Si la plupart d’entre-elles sont aujourd’hui décédées, certaines des grandes signatures de Minute sont toujours en vie et continuent, à leur échelle, d’influencer le débat public. Ainsi de Patrick Buisson, sans doute le plus connu des survivants de la « grande époque » de l’hebdomadaire. Figure tutélaire de la droite française, Buisson entre à Minute en 1981, avant d’en devenir le correspondant officiel à l’Assemblée nationale puis d’être nommé rédacteur en chef, poste qu’il occupera de 1986 à 1987, après quoi il rejoindra Valeurs Actuelles. Tête pensante de Nicolas Sarkozy, c’est lui qui conceptualisera le « virage à droite » du candidat, avant de l’accompagner à l’Elysée où il demeurera le conseiller officieux du président. Tombé en disgrâce à la suite de l’échec de Sarkozy en 2012, Patrick Buisson fait de nouveau parler de lui quand est révélée au grand jour sa fâcheuse habitude d’enregistrer ses réunions et conversations avec l’ancien chef de l’Etat, et quand éclate l’affaire dite « des sondages de l’Elysée », pour laquelle il est condamné, en janvier dernier, à deux ans de prison avec sursis et 150 000 euros d’amende.
Autre figure emblématique de Minute, Jean Montaldo rejoint l’hebdomadaire en 1964. Issu d’une des plus anciennes familles de pieds-noirs, celui qui se définit lui-même comme un « libéral anti-conformiste » est un grand traumatisé de la fin de l’Algérie française, qui représentera pour lui une « blessure » jamais vraiment cicatrisée. Après son passage au journal pendant de nombreuses années, Montaldo se spécialise plus tard dans la dénonciation des affaires émaillant les présidences de François Mitterrand et de Jacques Chirac dans de nombreux best-seller, comme « Mitterrand et les 40 voleurs » publié chez Albin Michel, la même maison d’édition qu’Eric Zemmour ou Philippe de Villiers.

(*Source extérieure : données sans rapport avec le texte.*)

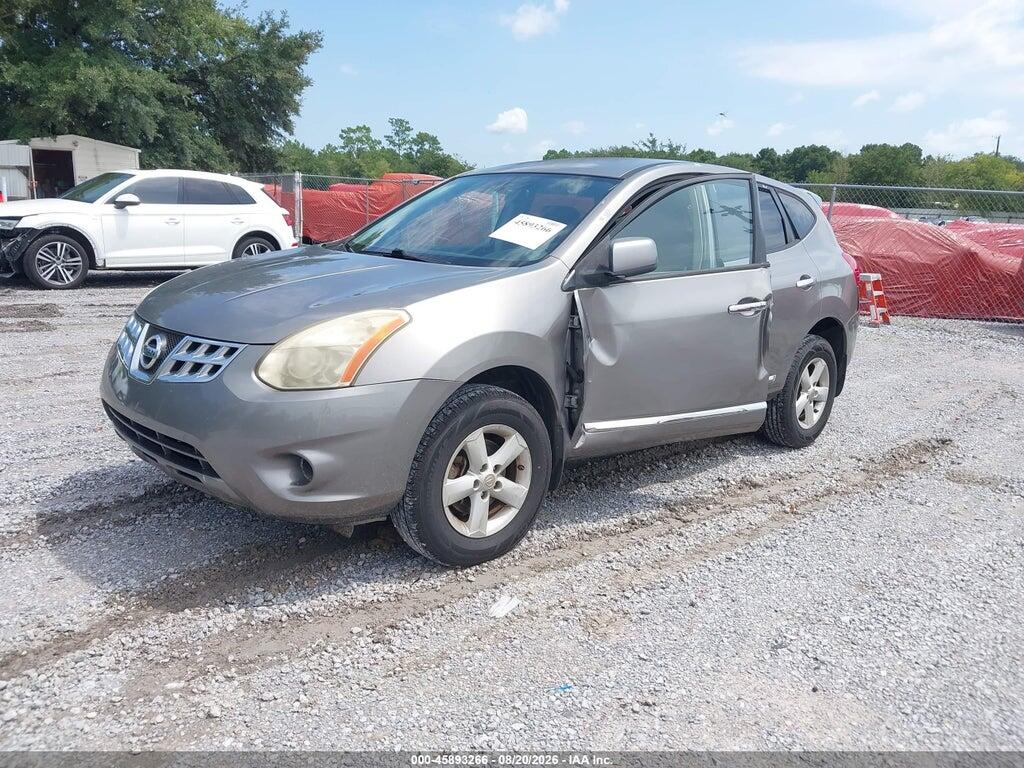 JN8AS5MT6DW545532 2013 NISSAN ROGUE photo no. 2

Moins connus que Buisson et Montaldo, d’autres anciens de Minute continuent eux aussi de mener une vie publique : ainsi, par exemple, d’Arnaud Folch, un autre nostalgique de l’Algérie française, passé par Valeurs Actuelles avant d’atterrir, l’année dernière, à la tête de la communication de la ville de Perpignan dans les bagages du maire Rassemblement National, Louis Alliot.